28/11/2022

wartajateng.id – Pemerintah Kabupaten Batang melaksanakan penertiban Pedagang Kaki Lima (PKL) yang menempati jalur pendestrian atau trotoar sepanjang Jalan Yos Sudarso Kecamatan Batang.

Penertiban dilakukan secara persuasif oleh petugas dari Dinas Pekerjaan Umum dan Penataan Ruang (DPUPR), Satpol PP, Disperindagkop dan Kelurahan Proyonanggan Utara.

“Kami Pemerintah Daerah ingin membenahi dan mengembalikan fungsi trotoar di sepanjang Jalan Yos Sudarso kota Batang.

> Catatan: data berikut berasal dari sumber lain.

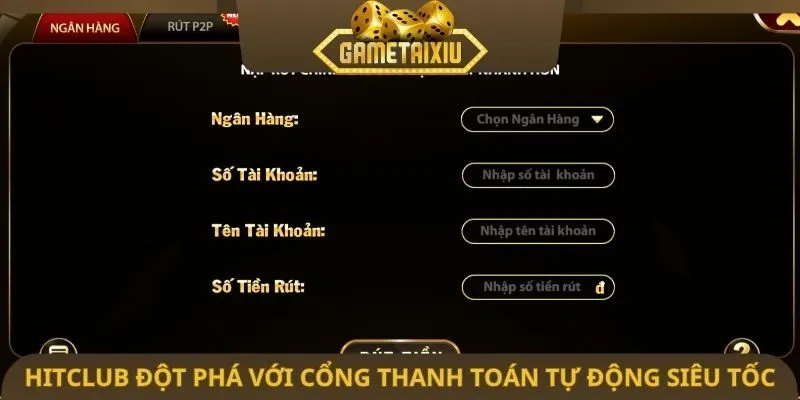 Hitclub đột phá với cổng thanh toán tự động siêu tốc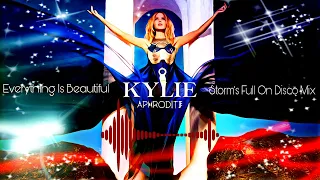 Kylie - Everything Is Beautiful  ( Storm's Full On Disco Mix )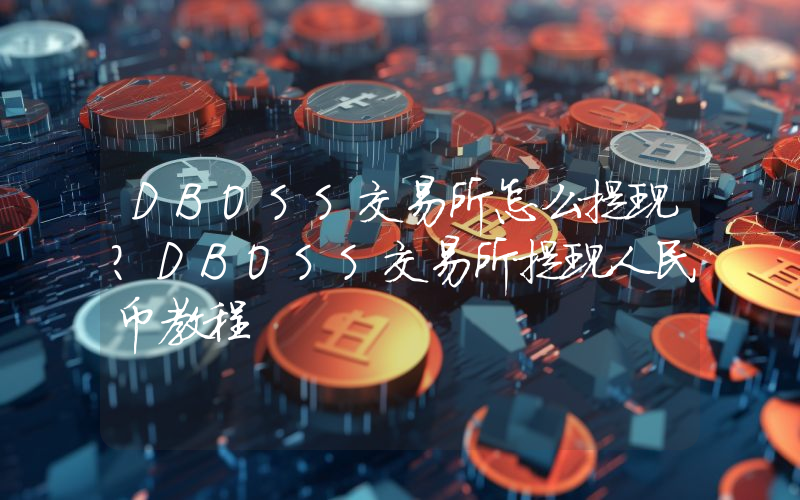 DBOSS交易所怎么提现？DBOSS交易所提现人民币教程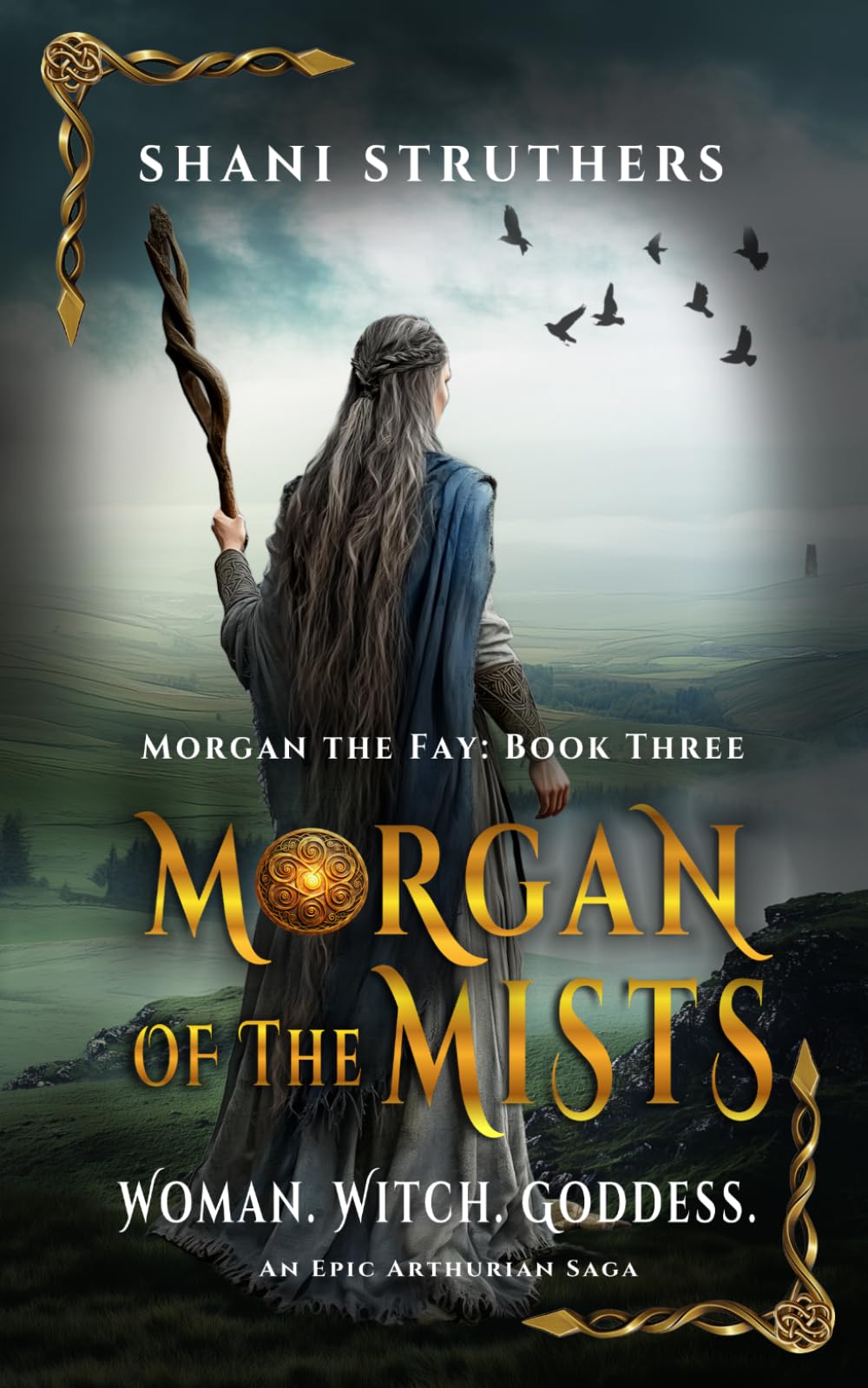 Morgan of the Mists (Morgan the Fay Book 3) An Epic Arthurian Saga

Oleh karena itu, kita melakukan komunikasi baik para pedagang agar penertiban ini berjalan baik tanpa masalah,” kata Kepala bidang Jalan dan Jembatan, DPUPR Batang Endro Suryo saat ditemui di Jalan Yos Sudarso, Kabupaten Batang, Senin (6/6/2022).

Dijelaskannya, penertiban ini sesuai dengan regulasi PP 34 tahun 2006 tentang Jalan dan Peraturan Menteri PU 20/2010 mengamanatkan semua bangunan yang diruang milik jalan harus bersih.

“Bangunan diruang milik jalan harus bersih. Kalau toh ada harus seizin DPUPR,” katanya.

Ia menerangkan bahwa pendistrian yang seharusnya digunakan pengguna pejalan kaki sudah banyak beralih fungsi menjadi warung dan lainnya.

“Bisa dilihat secara visual ruang milik jalan, khususnya pendestrian diatas saluran sungai maupun drainase banyak menjadi tempat bengkel, warung bakso, warung sayuran dan lainnya,” jelasnya.

Endro juga menegaskan, Pemkab Batang tidak melakukan penertiban secara frontal. Namun akan sesuai regulasi yang berlaku seperti sosialisasi.

“Target kita penertiban sesuai regulasi bisa cepat selesai. Semoga akhir tahun ada solusi untuk penataan pendistrian,” ungkapnya.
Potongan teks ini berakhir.